[Directions for this task]
Report back each line of the data that contains the word "features".

[Extracted material]

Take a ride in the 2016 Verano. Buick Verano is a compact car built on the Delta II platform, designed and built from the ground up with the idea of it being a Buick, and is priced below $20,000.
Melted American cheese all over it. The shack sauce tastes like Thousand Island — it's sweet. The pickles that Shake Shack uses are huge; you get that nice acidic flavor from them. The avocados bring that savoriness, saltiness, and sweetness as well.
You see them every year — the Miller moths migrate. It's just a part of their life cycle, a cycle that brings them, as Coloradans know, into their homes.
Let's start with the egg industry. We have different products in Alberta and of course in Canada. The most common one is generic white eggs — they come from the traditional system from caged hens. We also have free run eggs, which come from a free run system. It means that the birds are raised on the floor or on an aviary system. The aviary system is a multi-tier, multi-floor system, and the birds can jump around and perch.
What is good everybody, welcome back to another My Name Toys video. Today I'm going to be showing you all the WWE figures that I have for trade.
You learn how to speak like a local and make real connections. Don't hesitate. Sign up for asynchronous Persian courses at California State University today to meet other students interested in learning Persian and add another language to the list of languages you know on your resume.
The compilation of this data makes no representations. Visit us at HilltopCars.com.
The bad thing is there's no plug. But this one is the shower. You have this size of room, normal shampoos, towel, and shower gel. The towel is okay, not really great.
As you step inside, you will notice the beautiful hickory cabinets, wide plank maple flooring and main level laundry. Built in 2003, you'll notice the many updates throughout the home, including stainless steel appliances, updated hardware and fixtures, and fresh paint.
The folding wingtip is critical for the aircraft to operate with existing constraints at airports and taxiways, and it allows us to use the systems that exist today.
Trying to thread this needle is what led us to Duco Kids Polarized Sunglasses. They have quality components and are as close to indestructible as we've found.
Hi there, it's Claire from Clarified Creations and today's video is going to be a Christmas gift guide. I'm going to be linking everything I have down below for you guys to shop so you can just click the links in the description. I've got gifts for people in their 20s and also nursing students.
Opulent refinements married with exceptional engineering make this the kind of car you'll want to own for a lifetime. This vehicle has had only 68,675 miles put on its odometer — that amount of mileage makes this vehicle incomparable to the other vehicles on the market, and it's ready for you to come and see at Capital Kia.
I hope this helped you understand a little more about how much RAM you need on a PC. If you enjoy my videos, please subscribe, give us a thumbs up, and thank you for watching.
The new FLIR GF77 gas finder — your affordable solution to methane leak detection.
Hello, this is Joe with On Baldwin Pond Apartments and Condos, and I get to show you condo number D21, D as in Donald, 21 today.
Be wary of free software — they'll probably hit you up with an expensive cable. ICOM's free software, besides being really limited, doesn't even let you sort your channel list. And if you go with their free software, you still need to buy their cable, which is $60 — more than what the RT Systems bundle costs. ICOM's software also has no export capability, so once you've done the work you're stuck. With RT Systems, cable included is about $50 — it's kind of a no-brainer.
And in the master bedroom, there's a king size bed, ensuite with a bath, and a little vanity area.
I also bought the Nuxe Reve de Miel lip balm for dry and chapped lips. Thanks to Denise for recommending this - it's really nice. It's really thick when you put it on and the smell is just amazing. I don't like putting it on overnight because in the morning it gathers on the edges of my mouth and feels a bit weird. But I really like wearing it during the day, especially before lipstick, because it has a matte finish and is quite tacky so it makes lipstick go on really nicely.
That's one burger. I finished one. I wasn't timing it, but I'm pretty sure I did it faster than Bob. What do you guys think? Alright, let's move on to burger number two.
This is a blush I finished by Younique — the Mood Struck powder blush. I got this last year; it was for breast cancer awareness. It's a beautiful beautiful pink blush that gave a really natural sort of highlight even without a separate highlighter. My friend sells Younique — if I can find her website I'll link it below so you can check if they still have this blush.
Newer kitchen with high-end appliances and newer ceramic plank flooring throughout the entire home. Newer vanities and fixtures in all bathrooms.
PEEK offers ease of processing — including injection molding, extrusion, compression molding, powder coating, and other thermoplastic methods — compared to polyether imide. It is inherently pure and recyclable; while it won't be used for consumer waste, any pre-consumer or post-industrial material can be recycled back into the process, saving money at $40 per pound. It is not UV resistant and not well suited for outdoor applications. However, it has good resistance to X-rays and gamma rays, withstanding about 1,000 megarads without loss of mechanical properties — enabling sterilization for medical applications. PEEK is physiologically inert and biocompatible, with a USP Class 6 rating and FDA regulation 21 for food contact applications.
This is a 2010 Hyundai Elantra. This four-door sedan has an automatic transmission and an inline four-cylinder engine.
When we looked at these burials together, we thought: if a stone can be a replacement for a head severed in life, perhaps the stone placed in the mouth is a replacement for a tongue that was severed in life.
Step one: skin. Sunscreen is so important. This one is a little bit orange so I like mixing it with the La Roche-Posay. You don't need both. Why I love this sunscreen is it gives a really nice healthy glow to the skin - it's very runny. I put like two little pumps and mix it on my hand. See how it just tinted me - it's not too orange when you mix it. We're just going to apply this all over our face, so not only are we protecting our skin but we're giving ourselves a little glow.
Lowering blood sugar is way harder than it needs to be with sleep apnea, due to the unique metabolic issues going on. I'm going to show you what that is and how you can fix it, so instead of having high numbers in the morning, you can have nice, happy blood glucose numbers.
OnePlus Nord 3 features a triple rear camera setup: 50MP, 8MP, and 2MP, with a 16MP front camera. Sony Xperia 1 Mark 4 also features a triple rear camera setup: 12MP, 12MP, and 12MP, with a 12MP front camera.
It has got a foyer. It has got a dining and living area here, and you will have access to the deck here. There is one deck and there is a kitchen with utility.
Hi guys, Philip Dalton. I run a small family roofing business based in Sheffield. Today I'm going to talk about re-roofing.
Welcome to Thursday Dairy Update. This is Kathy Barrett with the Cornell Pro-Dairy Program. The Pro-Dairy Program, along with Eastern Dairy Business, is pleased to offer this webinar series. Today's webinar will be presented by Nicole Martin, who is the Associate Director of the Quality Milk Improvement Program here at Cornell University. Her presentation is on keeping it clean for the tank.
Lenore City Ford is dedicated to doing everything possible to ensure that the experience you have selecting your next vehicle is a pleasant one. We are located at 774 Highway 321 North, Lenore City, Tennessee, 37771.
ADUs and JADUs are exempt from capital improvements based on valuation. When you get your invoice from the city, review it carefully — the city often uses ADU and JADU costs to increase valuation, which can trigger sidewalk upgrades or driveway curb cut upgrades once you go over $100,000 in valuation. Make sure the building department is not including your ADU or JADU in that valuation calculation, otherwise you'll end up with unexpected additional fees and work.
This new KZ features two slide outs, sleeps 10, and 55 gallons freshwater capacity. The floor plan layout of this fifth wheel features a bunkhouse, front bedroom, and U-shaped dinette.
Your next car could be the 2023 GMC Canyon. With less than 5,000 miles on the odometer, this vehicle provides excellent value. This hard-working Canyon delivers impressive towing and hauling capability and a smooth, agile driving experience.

[Response to this task]
OnePlus Nord 3 features a triple rear camera setup: 50MP, 8MP, and 2MP, with a 16MP front camera. Sony Xperia 1 Mark 4 also features a triple rear camera setup: 12MP, 12MP, and 12MP, with a 12MP front camera.
This new KZ features two slide outs, sleeps 10, and 55 gallons freshwater capacity. The floor plan layout of this fifth wheel features a bunkhouse, front bedroom, and U-shaped dinette.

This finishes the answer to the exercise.